## Action item
Give the listing again in full and exactly, apart from its pictures.

## Records for the exercise
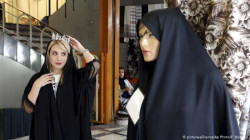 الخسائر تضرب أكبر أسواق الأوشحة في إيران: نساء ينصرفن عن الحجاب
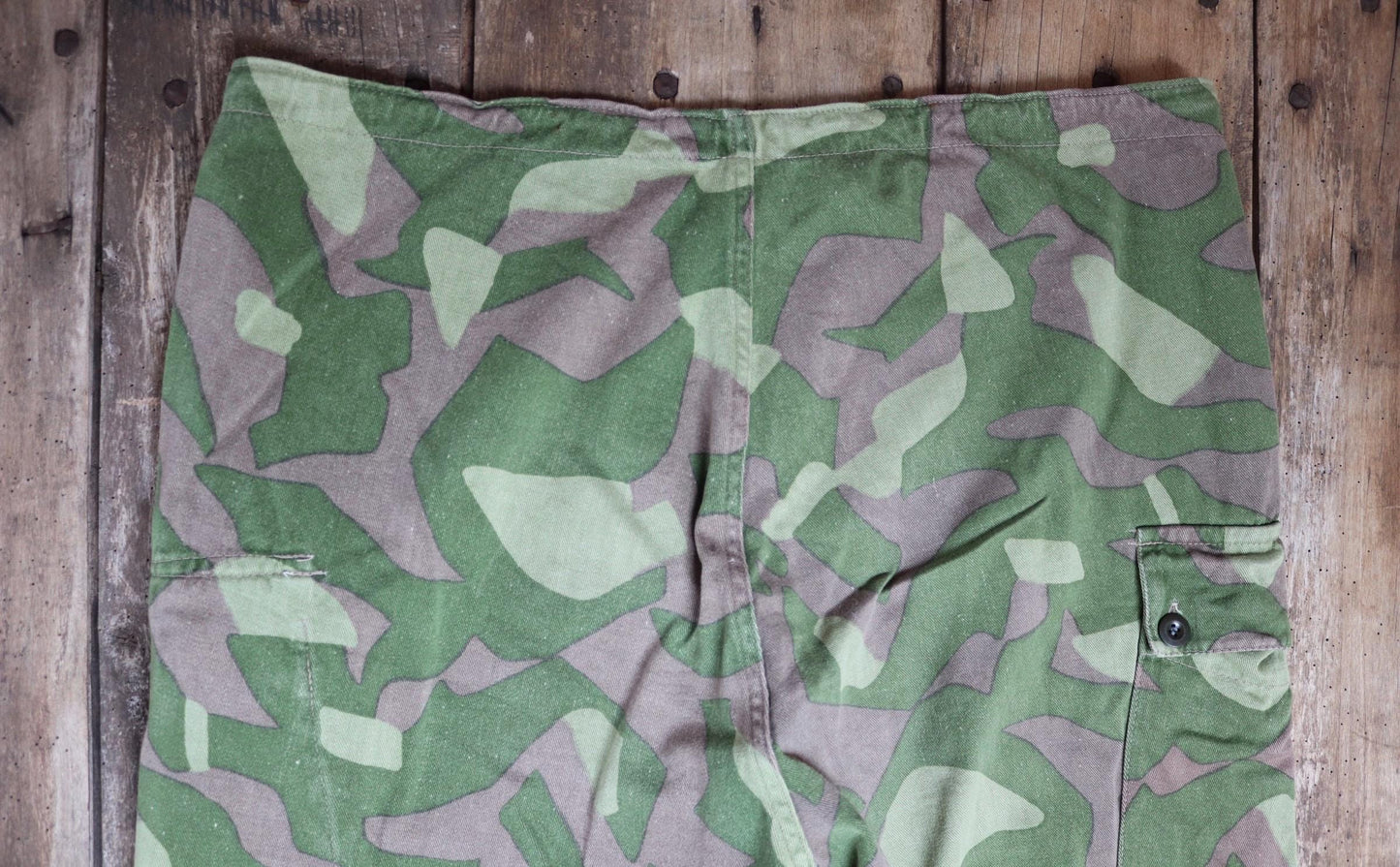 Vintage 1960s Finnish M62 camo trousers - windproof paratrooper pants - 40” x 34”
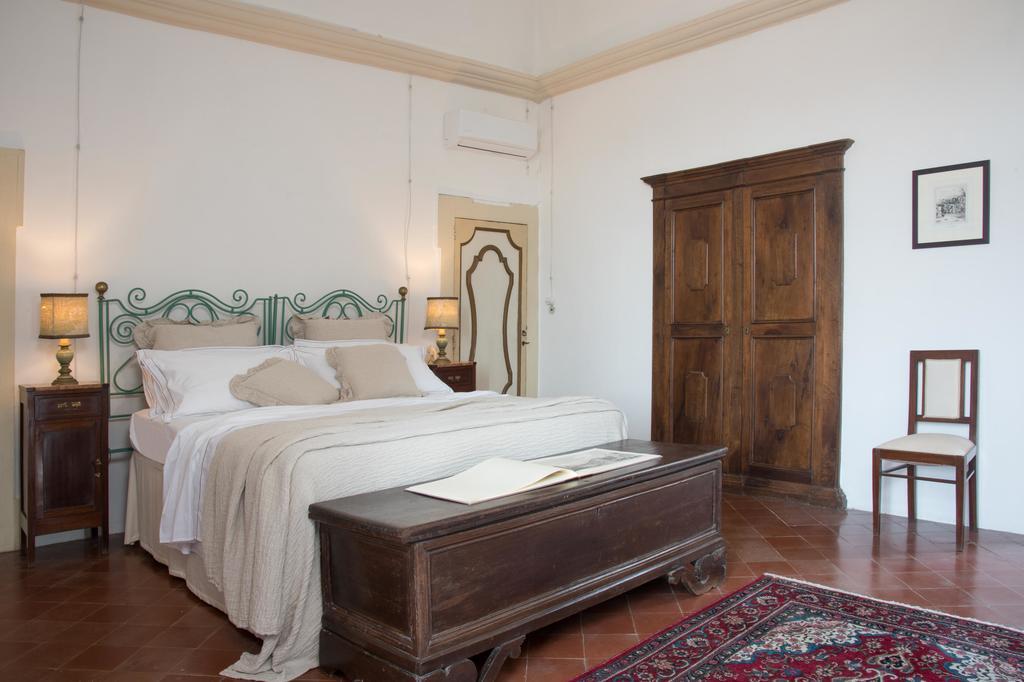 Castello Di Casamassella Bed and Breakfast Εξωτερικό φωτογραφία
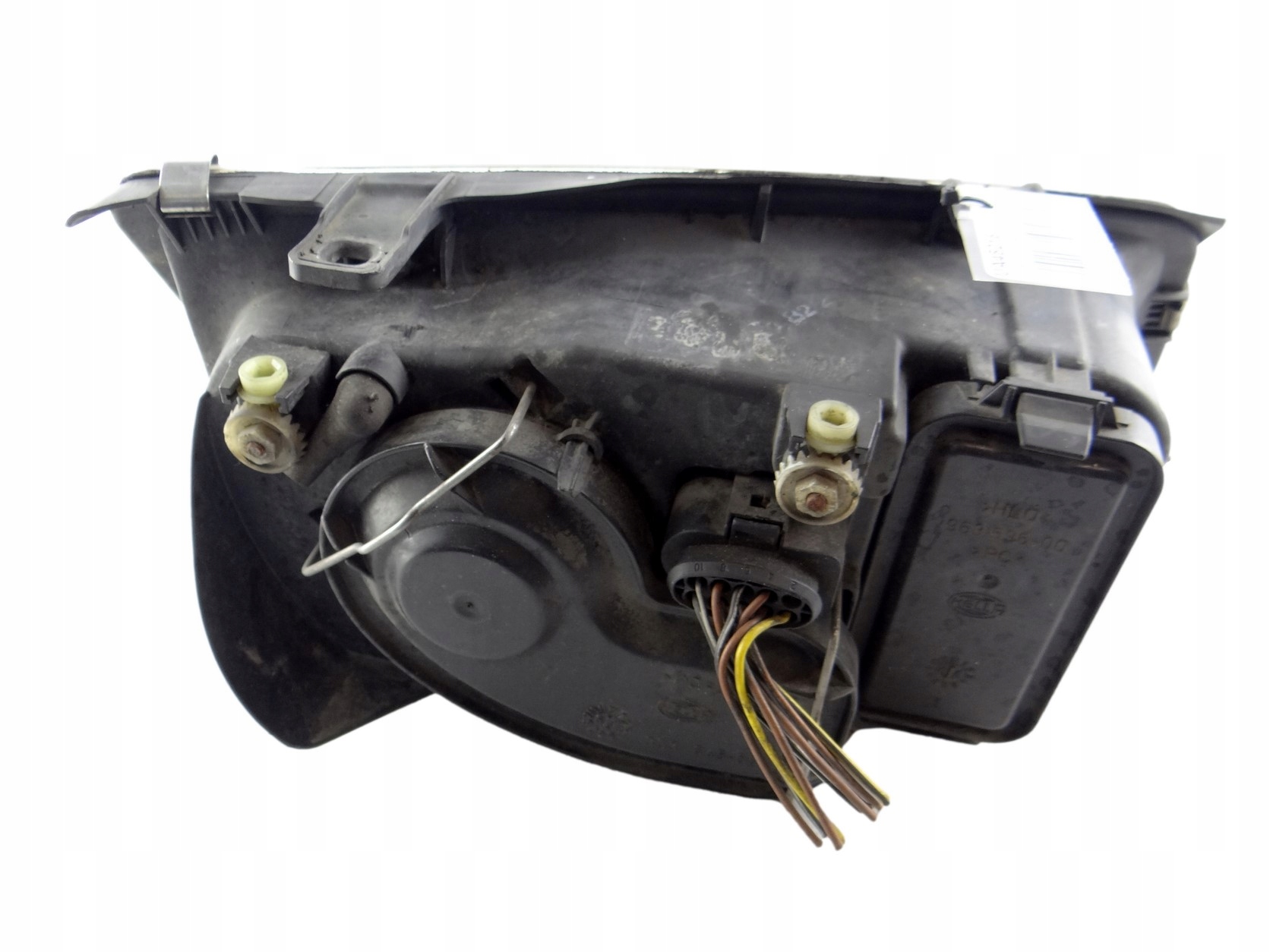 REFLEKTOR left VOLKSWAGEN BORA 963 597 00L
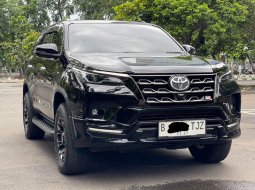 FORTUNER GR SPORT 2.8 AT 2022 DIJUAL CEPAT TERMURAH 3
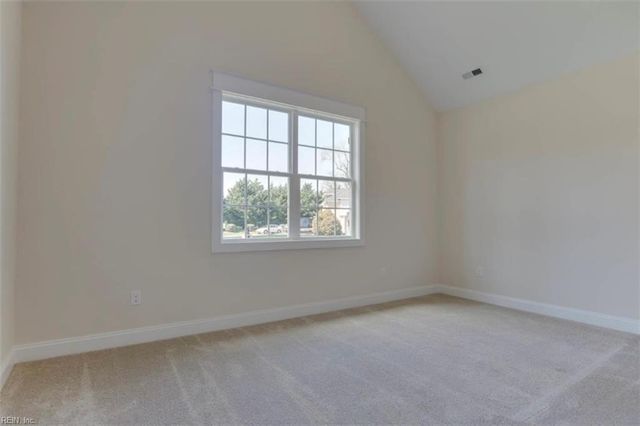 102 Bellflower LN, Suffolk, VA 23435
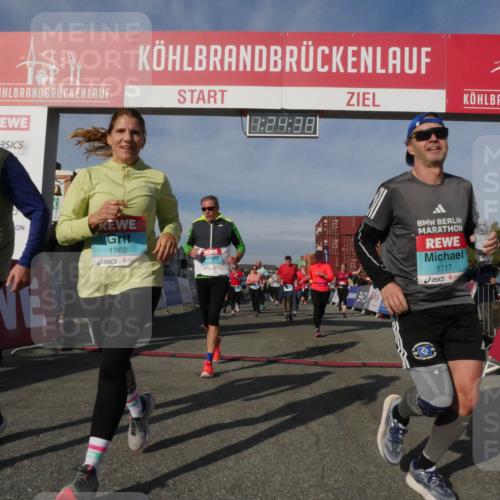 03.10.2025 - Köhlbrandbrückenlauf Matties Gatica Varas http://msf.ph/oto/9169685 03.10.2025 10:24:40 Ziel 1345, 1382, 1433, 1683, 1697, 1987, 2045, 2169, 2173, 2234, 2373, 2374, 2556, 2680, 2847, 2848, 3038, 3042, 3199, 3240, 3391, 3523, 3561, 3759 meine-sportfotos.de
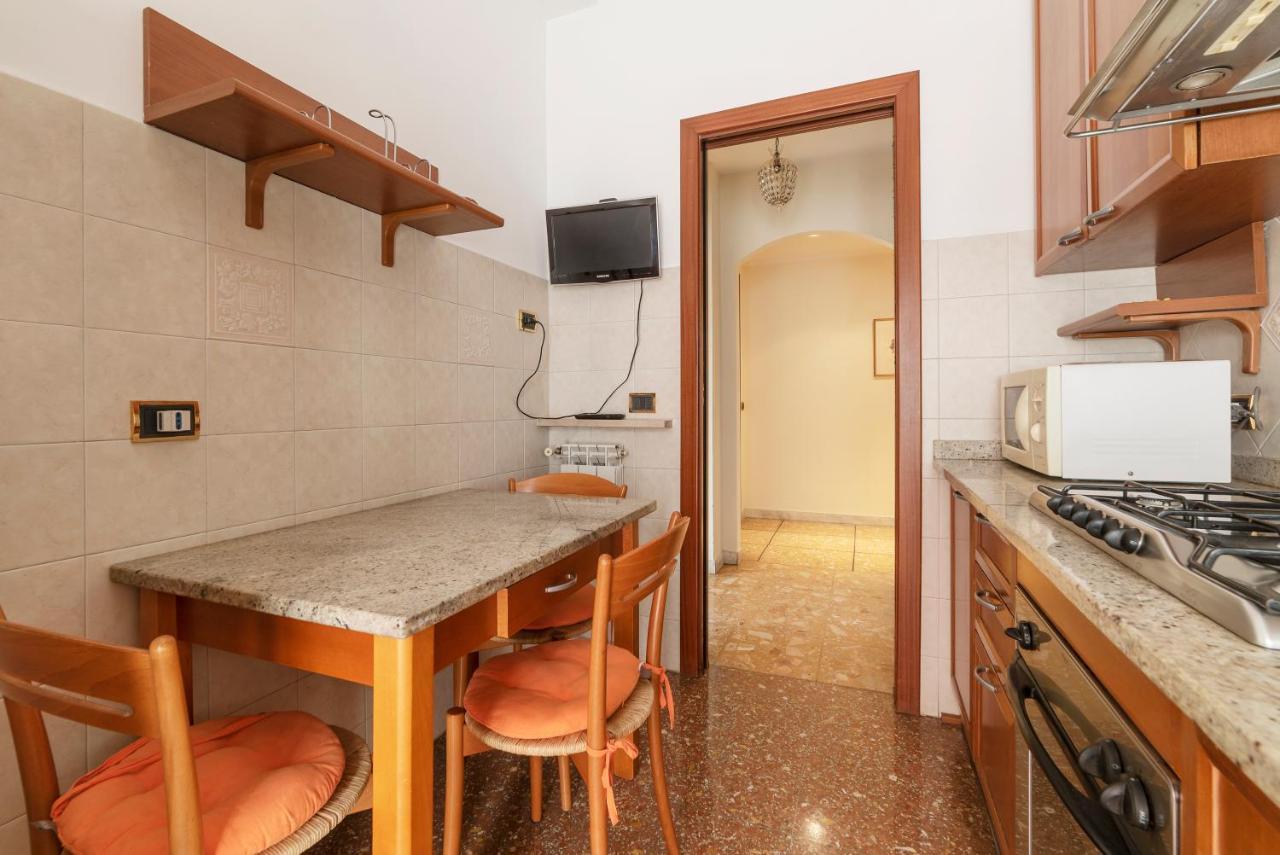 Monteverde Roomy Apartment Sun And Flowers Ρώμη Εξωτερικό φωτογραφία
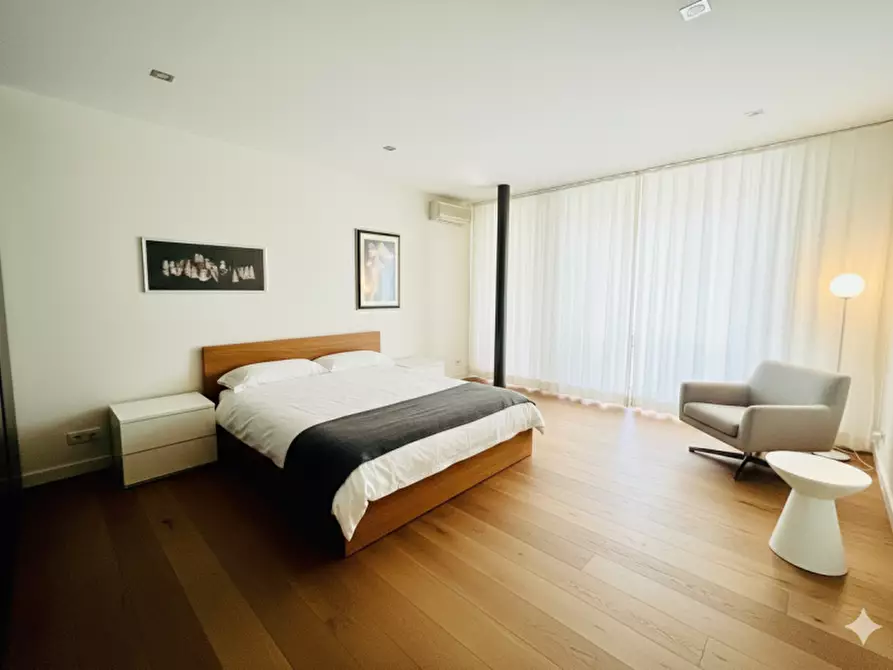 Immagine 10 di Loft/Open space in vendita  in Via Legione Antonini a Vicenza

## Answer to this exercise
 الخسائر تضرب أكبر أسواق الأوشحة في إيران: نساء ينصرفن عن الحجاب
 Vintage 1960s Finnish M62 camo trousers - windproof paratrooper pants - 40” x 34”
 Castello Di Casamassella Bed and Breakfast Εξωτερικό φωτογραφία
 REFLEKTOR left VOLKSWAGEN BORA 963 597 00L
 FORTUNER GR SPORT 2.8 AT 2022 DIJUAL CEPAT TERMURAH 3
 102 Bellflower LN, Suffolk, VA 23435
 03.10.2025 - Köhlbrandbrückenlauf Matties Gatica Varas http://msf.ph/oto/9169685 03.10.2025 10:24:40 Ziel 1345, 1382, 1433, 1683, 1697, 1987, 2045, 2169, 2173, 2234, 2373, 2374, 2556, 2680, 2847, 2848, 3038, 3042, 3199, 3240, 3391, 3523, 3561, 3759 meine-sportfotos.de
 Monteverde Roomy Apartment Sun And Flowers Ρώμη Εξωτερικό φωτογραφία
 Immagine 10 di Loft/Open space in vendita  in Via Legione Antonini a Vicenza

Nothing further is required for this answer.